BEGIN Data shown

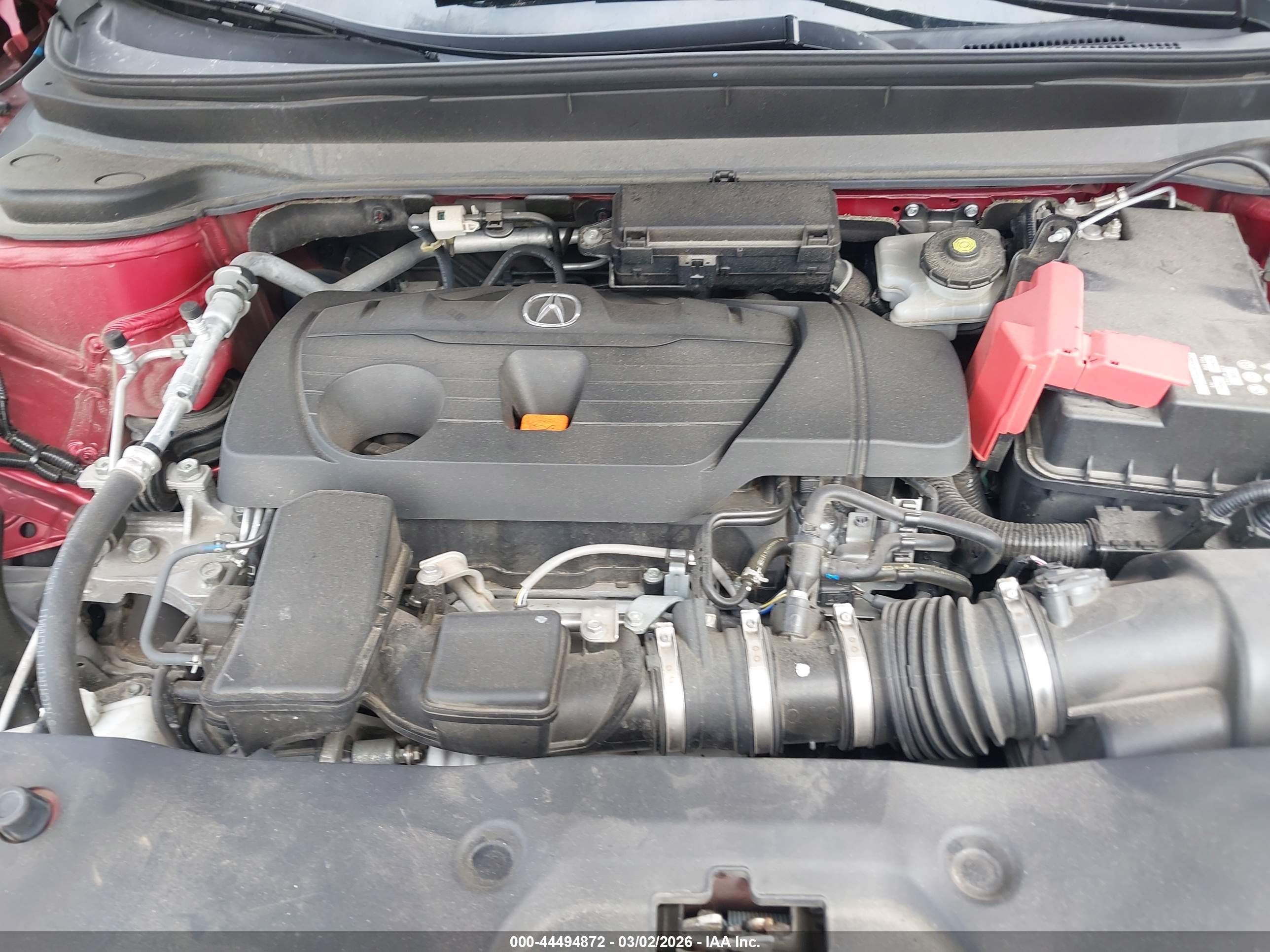 ACURA RDX image 10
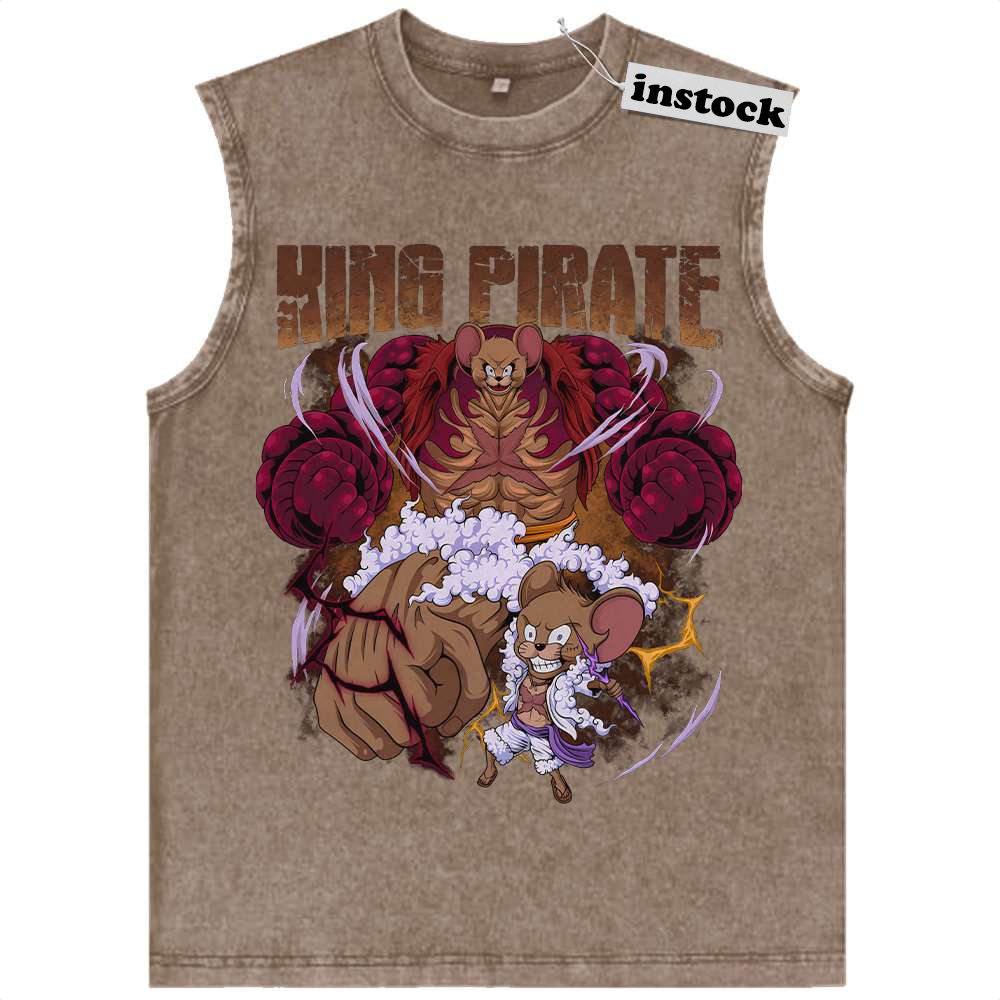 Tom and Jerry Tank Top, Animated Tank Top, Vintage Tank Top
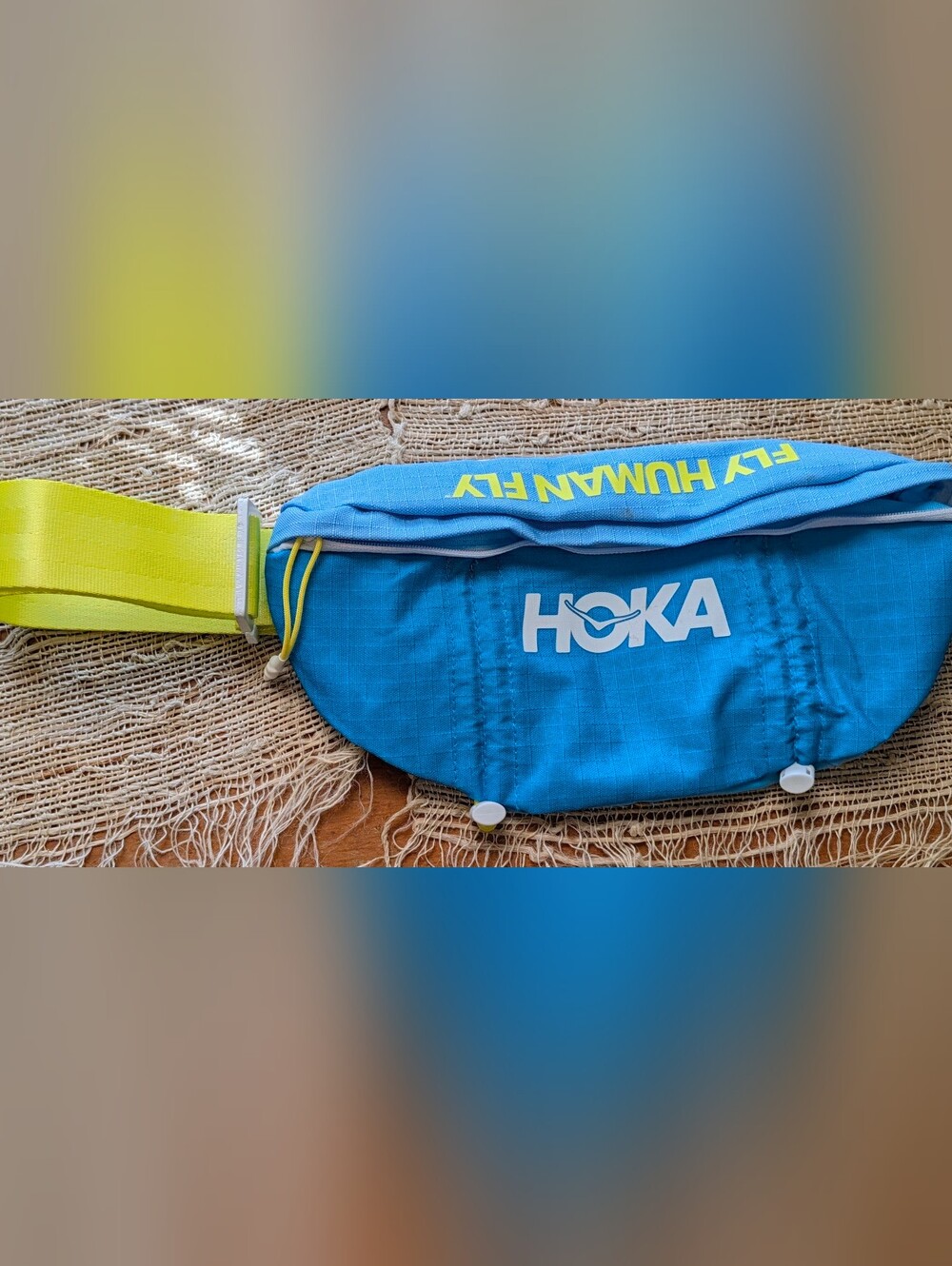 HOKA • Fly Human Fly | Fanny Pack
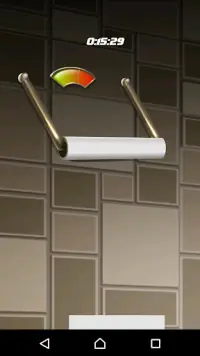 Toilet Paper Rolling Game Screen Shot 3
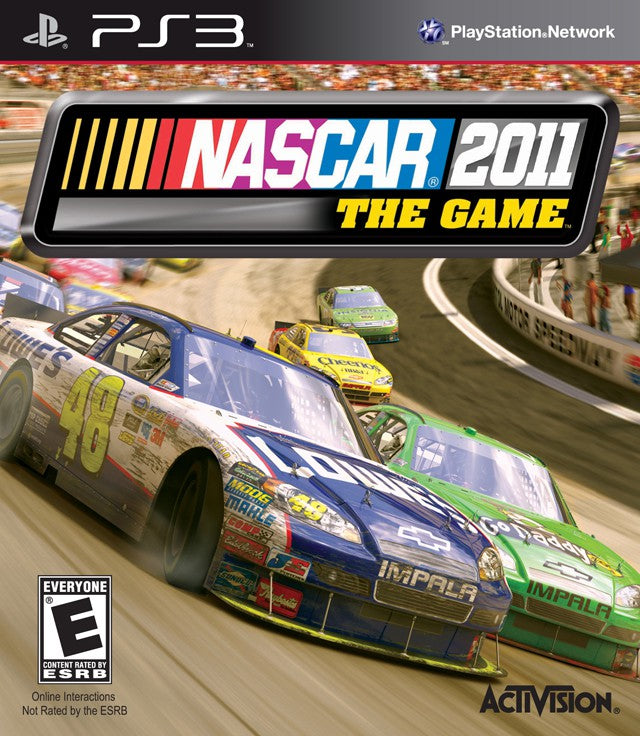 NASCAR 2011: The Game (US)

END Data shown

▶ _Work instructions_:
From the line containing "HOKA • Fly Human Fly | Fanny Pack" through the last line of the records above, reproduce every line exactly, leaving out the pictures.

▶ _Reply to the exercise_:
 HOKA • Fly Human Fly | Fanny Pack
 Toilet Paper Rolling Game Screen Shot 3
 NASCAR 2011: The Game (US)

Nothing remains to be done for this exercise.